Beetlejuice Theme of Mortality

According to some belief systems, a good person's troubles vanish when they die, but the Maitlands' problems are just getting started when they kick the bucket. From the moment their car crashes, Adam and Barbara are totally confused by how to navigate this latest turn of events. It doesn't help that the entire afterlife is just one soulless bureaucracy.

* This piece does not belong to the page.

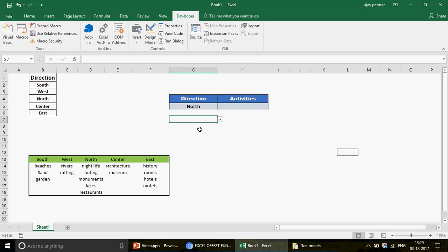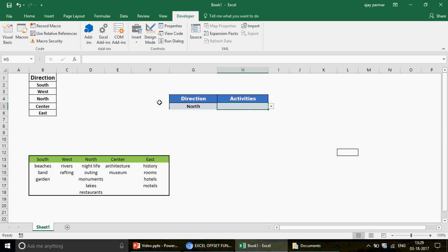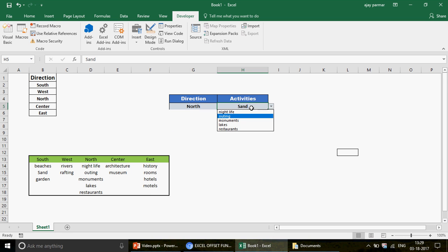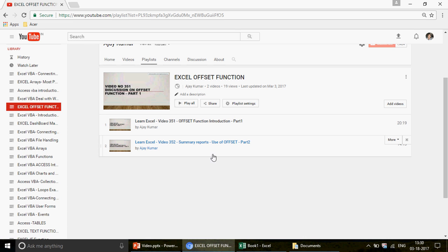I just uploaded video number 365 on how to create dynamic drop-downs using the OFFSET function — you can go check that out if it's an area of interest or useful to you. What we did in that video is create two drop-downs: if you select 'South' in the first drop-down, the second drop-down automatically changes to show South items like 'Beachy Sand' and 'Garden'. If you change to 'North', the North items appear. I covered how to create that using the OFFSET function in video 365.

Death is mostly played for laughs in Beetlejuice. Barbara and Adam's reaction to their own deaths is not so much horror and grief as it is exasperation—it's just all so confusing and then there are these annoying people redecorating their house. The only time the film allows some tragedy to seep in is during the séance, when we see the Maitlands reanimated and then die. Again. And this time they know it's happening. Otherwise, the worst thing about dying is the long lines in the afterlife waiting room.

Questions about Mortality

  1. Why do you think the recently deceased aren't offered more help than just a handbook and eventual visit with a caseworker?
  2. Why don't the recently deceased characters realize they're dead? Does this push the plot forward at all? Is it just played for laughs?
  3. Miss Argentina explains that the punishment for suicide is a lifetime spent working as a civil servant in the afterlife. Is this a fitting penalty? Or just a tasteless joke?

Chew on This

Take a peek at these thesis statements. Agree or disagree?

The film actually has some pretty profound things to say about what it really means to be alive or dead—meaningful relationships, emotional connections, etc.

This is a comic horror movie, and the protagonists just happen to be dead. No meaning necessary.